Tamale, Ghana – On March 4, Mission Director for USAID/Ghana, James Bever, traveled to Tamale to kick-off two Feed the Future projects in the region: the Savanna Agricultural Research Institute (SARI) and the new Ghana Seed Inspection Unit.
In the Tolon/Kumbubgu District, Mr. Bever joined key actors in agriculture, technology and innovation to sign an agreement providing $5.5 million in Feed the Future funding to SARI. The funds will bolster SARI’s capacity to transform agriculture in Ghana, particularly in the north. Through the agreement, USAID will provide training to staff and rehabilitate critical infrastructure, positioning SARI as a center for excellence in agricultural research in Northern Ghana.
SARI has a long history of contributing to agricultural technology development and information sharing through development of crop varieties adaptable to the Northern, Upper East, and Upper West regions. The U.S. government support will directly strengthen SARI’s role as a leader in applied agricultural research through improvements in systems performance. The institute’s national and international research programs will also receive support to make agricultural technologies readily available to farmers through crop improvement, soil fertility management, and research administration.
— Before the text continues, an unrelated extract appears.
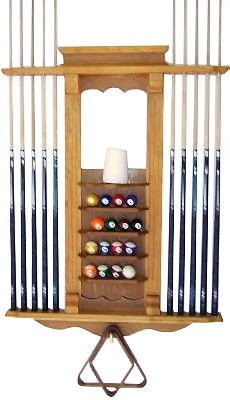 10 Cue Stick and Pool Ball Wall Rack Wood Oak Finish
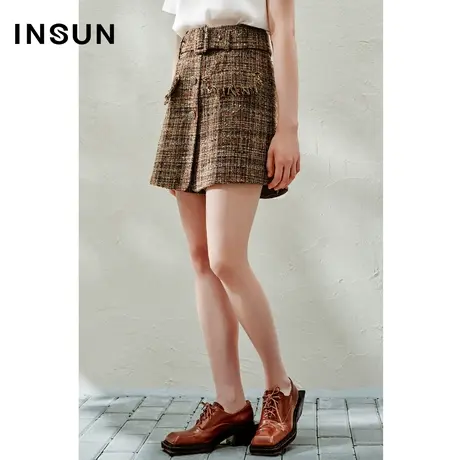 INSUN恩裳线上专选春季粗花呢假两件裤裙式短裤图片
Mr. Bever remarked that, “research is the cornerstone of innovation and agricultural growth,” and will “drive food security and prosperity in Africa for years to come.”
Later Mr. Bever joined partners to break ground on a new laboratory that will use international standards to ensure farmers throughout Ghana have access to high quality seed. The Tamale-based Ghana Seed Inspection Unit for the Northern Region is the first of many facilities funded by USAID. Identical laboratories will also be constructed in the Upper East and Upper West regions. This support will provide buildings, equipment, and training to modernize the process for testing seeds and ensuring quality standards are met.
Mr. Bever called the occasion a celebration of, “the continued strong relationship between USAID and the Ministry of Food and Agriculture,” and remarked that the new infrastructure will be a transformative resource for farmers in Northern Ghana.
In addition to the groundbreaking, leaders toured the existing seed laboratory and processing facilities and talked with management about the best strategies for sustainability, cost recovery, and growth within Ghana’s seed industry. The project, implemented jointly by the Ministry of Food and Agriculture and the Feed the Future Ghana Agriculture Technology Transfer (ATT) Project, will provide dedicated work rooms, walk-in germination facilities, workbenches, testing equipment, and technician training. These updated facilities and skills are designed to ensure that private sector seed producers are able to deliver an excellent product to farmers across northern Ghana.
USAID is the lead U.S. Government agency working to end extreme global poverty and enable resilient, democratic societies to realize their potential. Since 1957, USAID has supported Ghana in increasing food security, improving basic health care, enhancing access to quality basic education, and strengthening local governance to benefit all Ghanaian people.
Through continued partnerships with the Council for Scientific and Industrial Research, the Ministry of Environment, Science, Technology and Innovation, and the Ministry of Food and Agriculture, USAID will ensure sustained food security and reduce poverty among farmers for generations to come.